Mitigating disruptions with proactive monitoring
Along with providing banks with a complete visibility scope, Catchpoint’s platform also offers comprehensive proactive monitoring capabilities that ensure any potential issues are immediately visible, enabling banks to respond quickly and minimize customer impact.
Catchpoint leverages advanced artificial intelligence and machine learning to enable this proactive performance monitoring. The platform continuously analyzes patterns across billions of data points, identifying potential issues before they impact users.
This predictive capability represents a fundamental shift from reactive troubleshooting to proactive optimization, allowing organizations to address issues before they affect customer experience. By analyzing historical performance data, identifying patterns and detecting anomalies, Catchpoint's system can alert teams to emerging issues before they become critical.
“Proactive monitoring allows IT operations teams to be the first to know when problems arise and give them the opportunity to fix problems before the business is impacted,” says Dada. “Without proactive monitoring, organizations often wait until customers or branch managers complain either via a support call or through social media in order to be aware of a problem, which then triggers a fire drill or war room to confirm the problem and then start looking for the root cause.

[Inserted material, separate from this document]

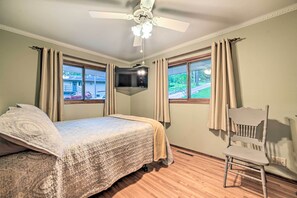 House (3 Bedrooms) | Interior - Charming Lakefront Home w/ Grill & Fire Pit! (New Concord)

“A proactive system, especially with the help of AI-powered analysis, alerts IT when a trend is likely to create an issue for users, and can point to the likely root cause, giving IT the best chance to solve the issue with minimum impact,” Dada notes.
By providing a holistic, proactive view of the entire digital delivery chain, IPM empowers banks to deliver consistent, high-quality experiences across all channels – offering the reliability and performance standards today’s customers and regulators demand and helping ensure ongoing digital resilience as the banking landscape continues to evolve.